**WHAT IS NEEDED:** In full and word for word, copy the listing; no pictures belong in the copy.

──────

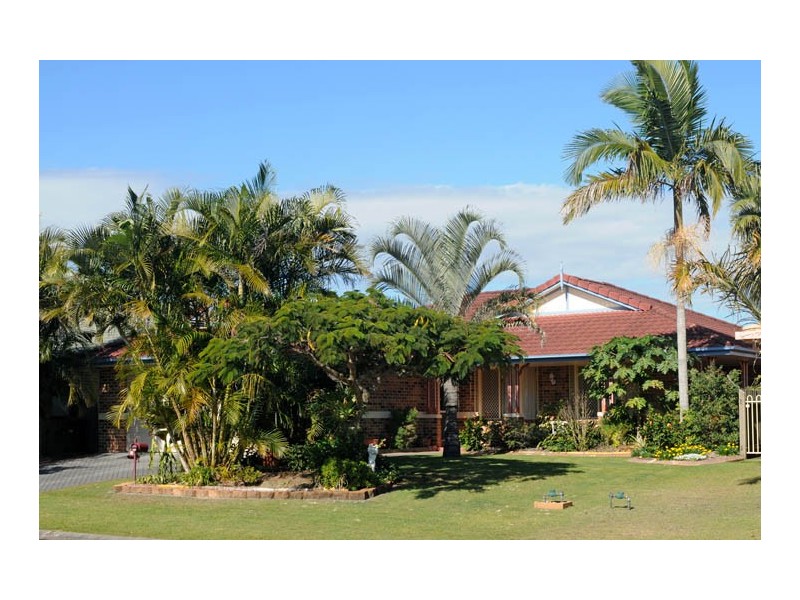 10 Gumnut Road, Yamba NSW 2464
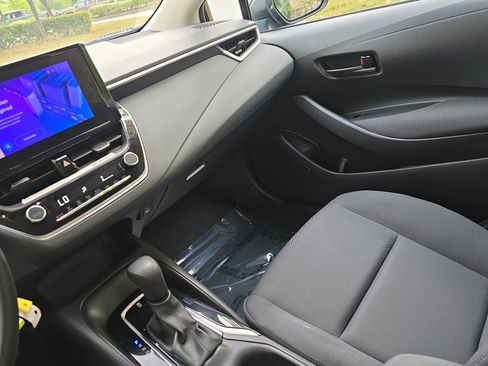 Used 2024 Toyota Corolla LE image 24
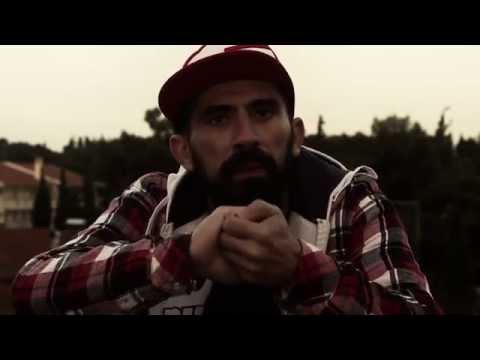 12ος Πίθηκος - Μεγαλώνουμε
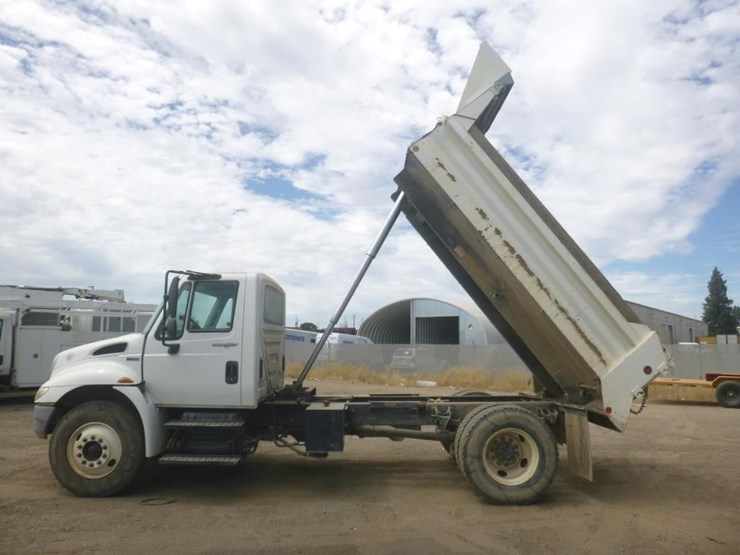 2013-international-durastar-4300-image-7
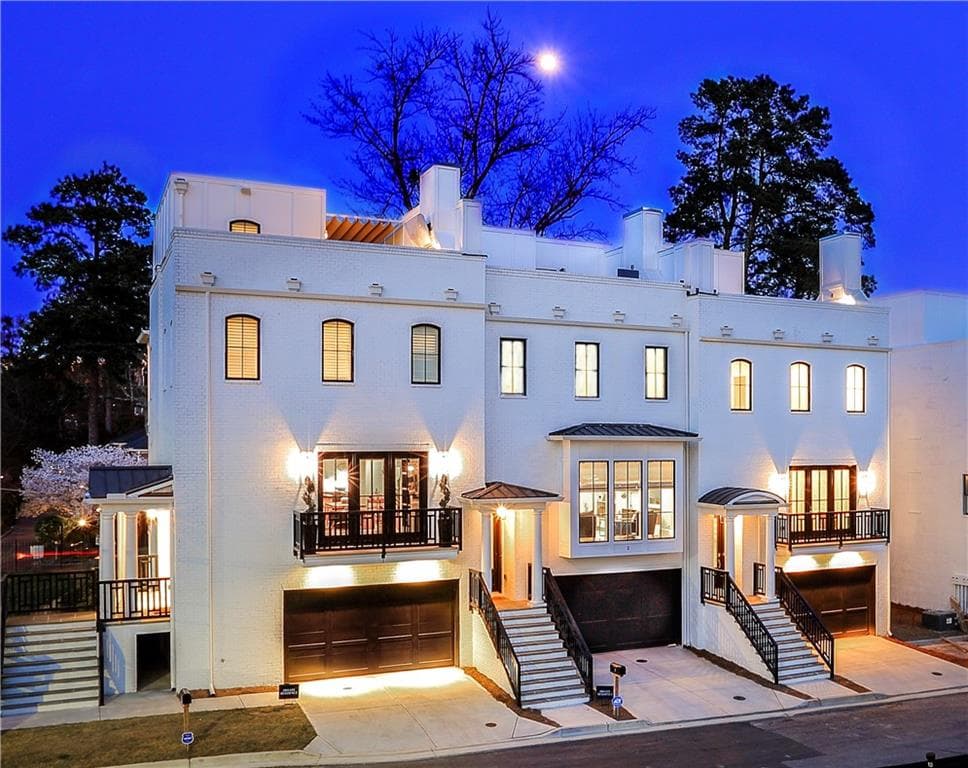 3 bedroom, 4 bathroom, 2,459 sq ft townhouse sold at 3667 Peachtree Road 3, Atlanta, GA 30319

──────

**THE ANSWER:**
 10 Gumnut Road, Yamba NSW 2464
 Used 2024 Toyota Corolla LE image 24
 12ος Πίθηκος - Μεγαλώνουμε
 2013-international-durastar-4300-image-7
 3 bedroom, 4 bathroom, 2,459 sq ft townhouse sold at 3667 Peachtree Road 3, Atlanta, GA 30319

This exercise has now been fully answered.